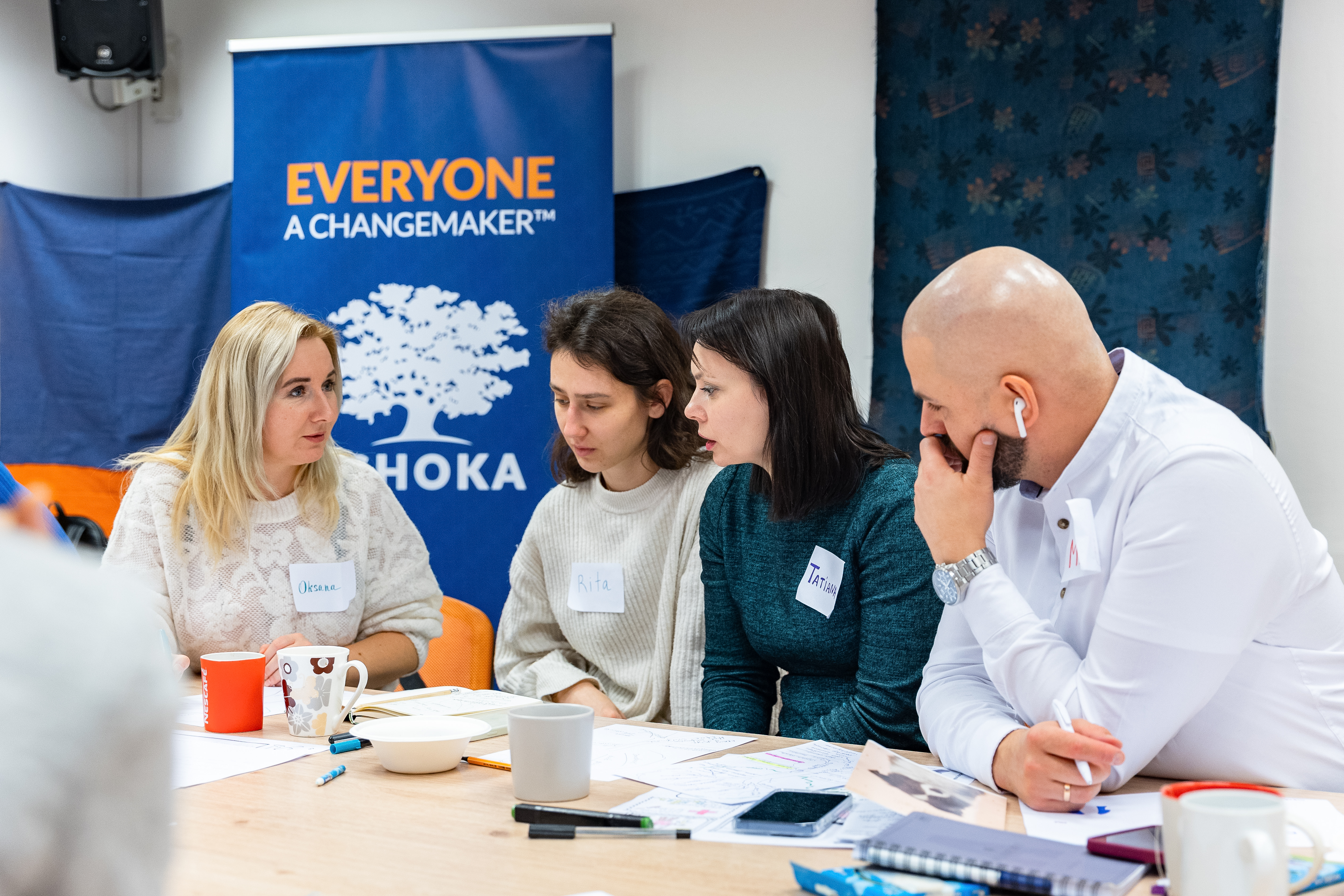 Zdjęcie przedstawia 3 kobiety i 1 mężczyznę rozmawiających przy stole. Za nimi widać rollup z napisem "Everyone a changemaker" i logiem Ashoki.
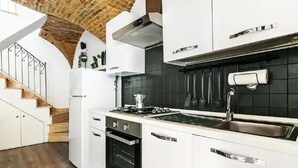 A modern kitchen with white cabinets, a black backsplash, and a wooden staircase. - Romantic historic house in Atri with a view of the Gran Sasso - CIN IT067004C2D739CXUO (Atri)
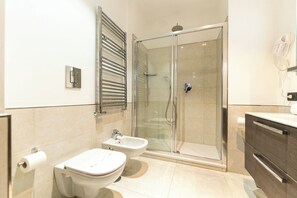 A modern bathroom with a glass-enclosed shower, two sinks, and a vanity with a mirror. - Casa di Rosy (Naples)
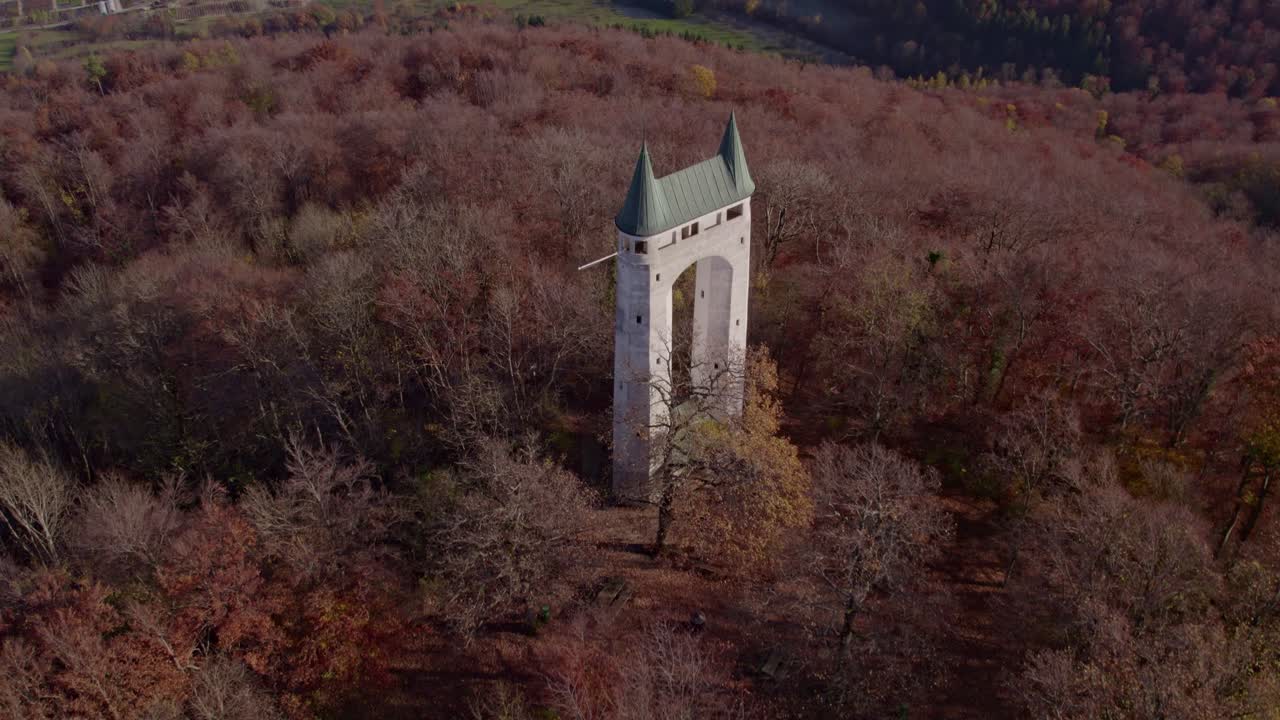 Vibrant fall colors surround Schonbergturm tower in Pfullingen, Germany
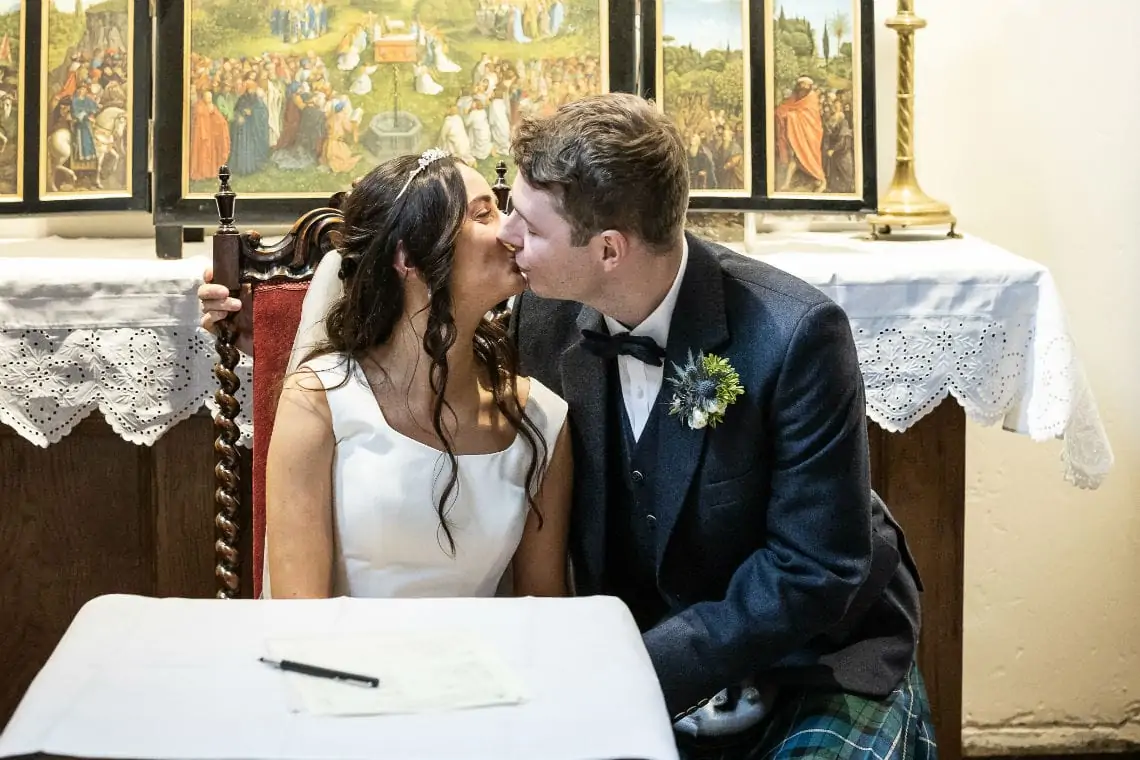 Bride and Groom kissing at the signing of the marriage schedule
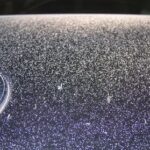 Overspray on a car, illustrating potential damage
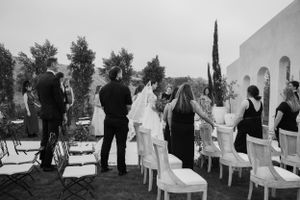 Bride in lace gown walking down the aisle on cliffside overlooking ocean at luxury wedding venue Jeune Perché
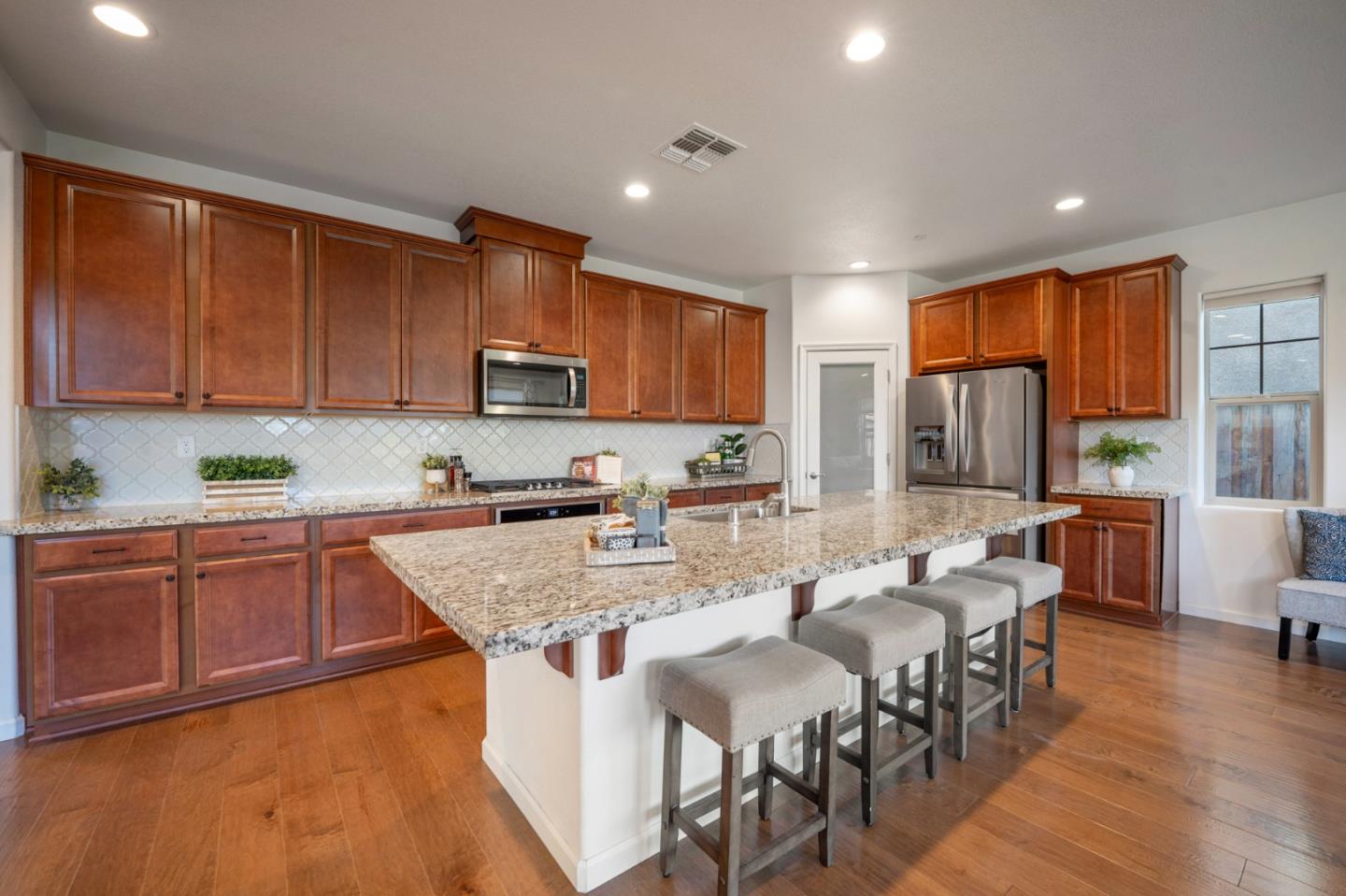 712 Baxter Way Gilroy, CA 95020 - Photo 4 of 37 a large kitchen with lots of counter space a sink and appliances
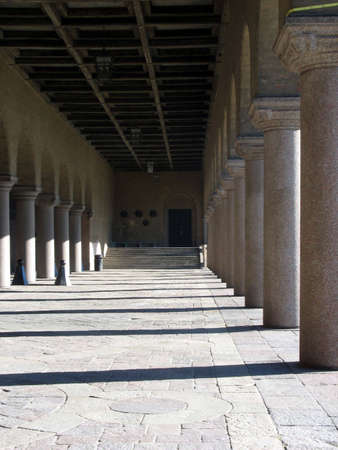 Pillars at an entrance to a giant beautiful buildingの写真素材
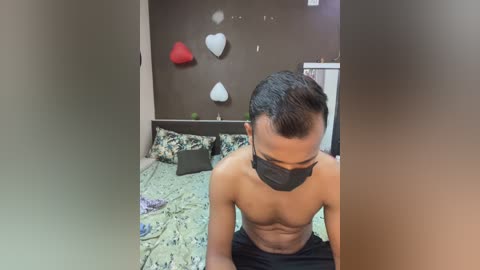 Media: Video of a shirtless man with short black hair and a mask, sitting on a bed with green floral sheets. Background features a dark wall with heart-shaped decorations.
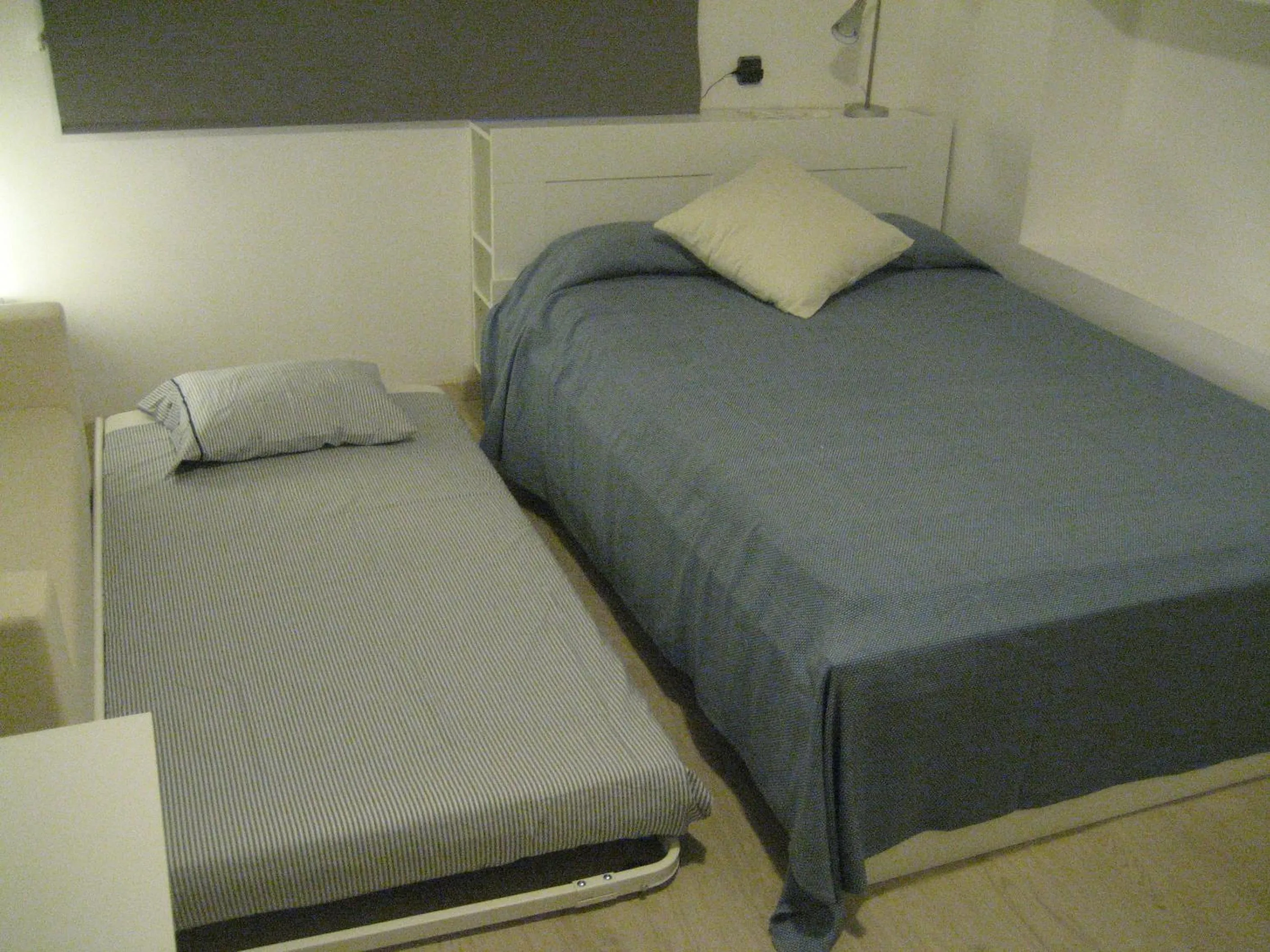 Bed in Marbel Apartments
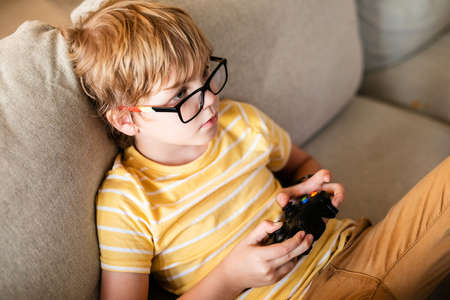 Blonde boy in big glasses playing on the console sitting on the couch. European child having a hobby.の写真素材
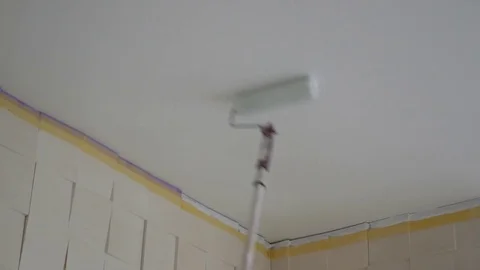 Painting the seiling with paint roller Stock Footage 84885855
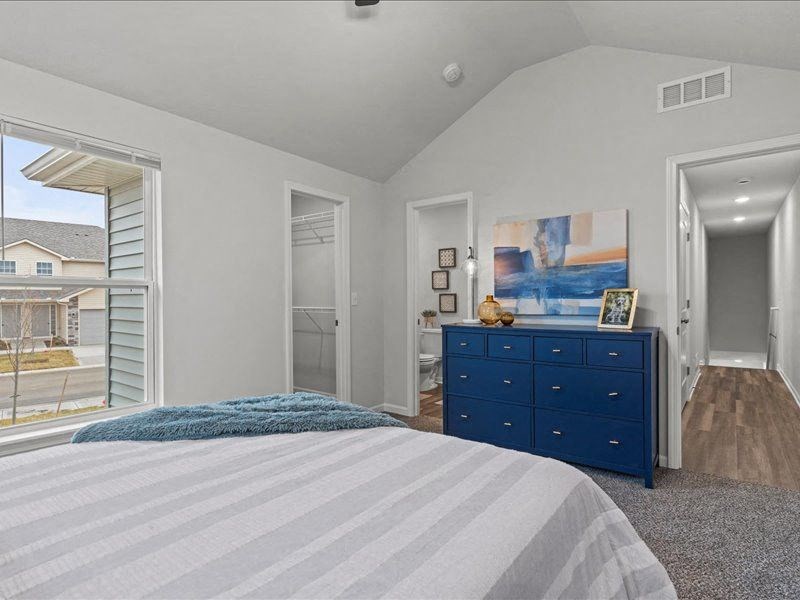 a bedroom with a bed and a blue dresser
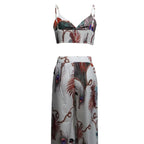 Women's feather print crop top and matching pants set, casualwear by FitiqueFit, perfect for vacation or relaxed outings.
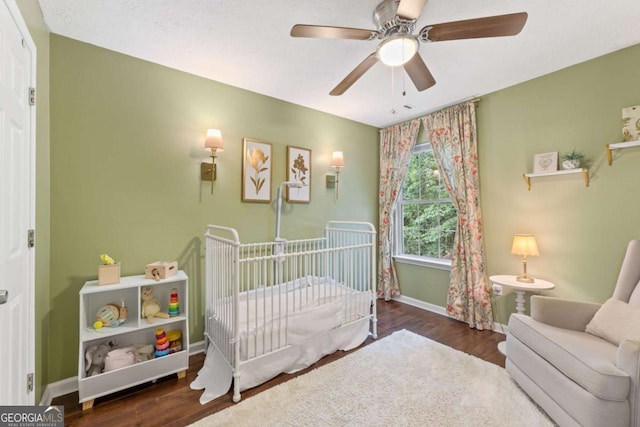 bedroom featuring a nursery area, baseboards, wood finished floors, and a ceiling fan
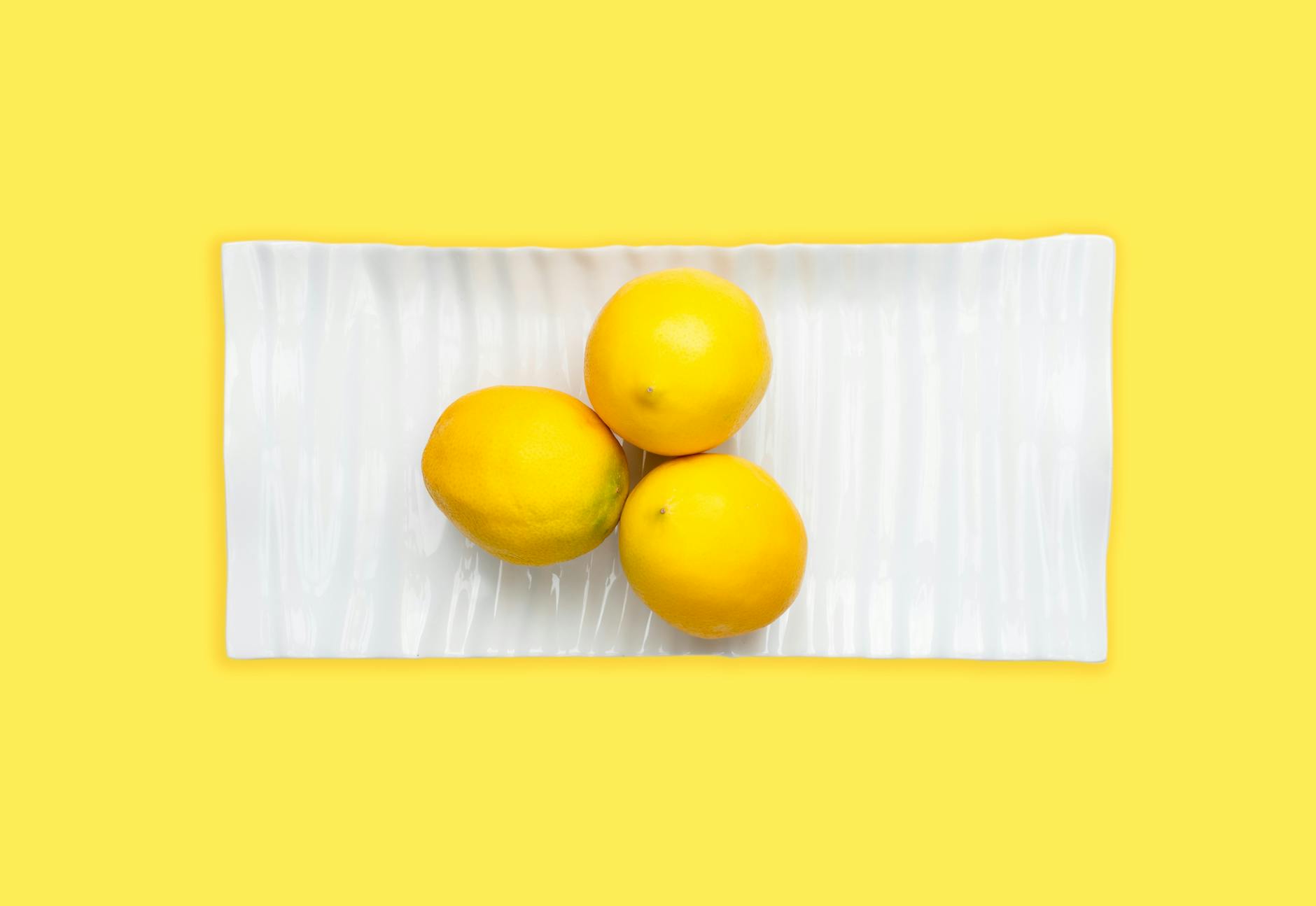 Three fresh lemons on a white plate against a vibrant yellow background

******************************

**Your instructions:**
Pictures are to be omitted. Output verbatim only the lines from the one holding "Overspray on a" through the end of the material, both included.

**Response area:**
 Overspray on a car, illustrating potential damage
 Bride in lace gown walking down the aisle on cliffside overlooking ocean at luxury wedding venue Jeune Perché
 712 Baxter Way Gilroy, CA 95020 - Photo 4 of 37 a large kitchen with lots of counter space a sink and appliances
 Pillars at an entrance to a giant beautiful buildingの写真素材
 Media: Video of a shirtless man with short black hair and a mask, sitting on a bed with green floral sheets. Background features a dark wall with heart-shaped decorations.
 Bed in Marbel Apartments
 Blonde boy in big glasses playing on the console sitting on the couch. European child having a hobby.の写真素材
 Painting the seiling with paint roller Stock Footage 84885855
 a bedroom with a bed and a blue dresser
 Women's feather print crop top and matching pants set, casualwear by FitiqueFit, perfect for vacation or relaxed outings.
 bedroom featuring a nursery area, baseboards, wood finished floors, and a ceiling fan
 Three fresh lemons on a white plate against a vibrant yellow background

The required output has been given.